__AIM OF THE TASK__.
Please set out each line below exactly as it stands, without the images.

START SUPPLIED MATERIAL

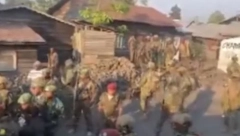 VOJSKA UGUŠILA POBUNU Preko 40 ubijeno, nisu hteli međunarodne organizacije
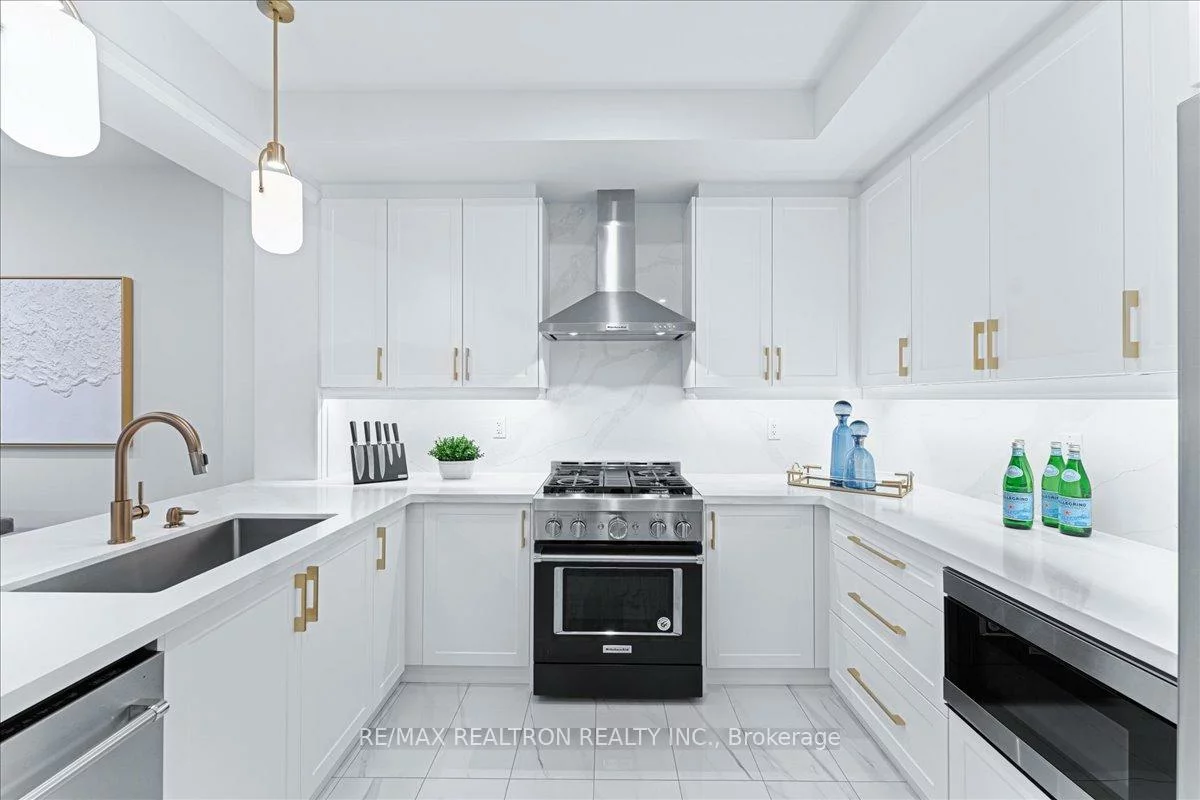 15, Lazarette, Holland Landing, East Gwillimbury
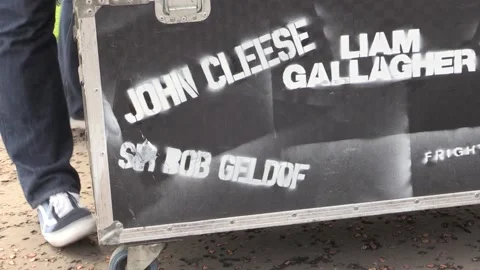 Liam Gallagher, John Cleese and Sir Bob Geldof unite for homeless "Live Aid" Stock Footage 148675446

END SUPPLIED MATERIAL

__REPLY TO THE TASK__.
 VOJSKA UGUŠILA POBUNU Preko 40 ubijeno, nisu hteli međunarodne organizacije
 15, Lazarette, Holland Landing, East Gwillimbury
 Liam Gallagher, John Cleese and Sir Bob Geldof unite for homeless "Live Aid" Stock Footage 148675446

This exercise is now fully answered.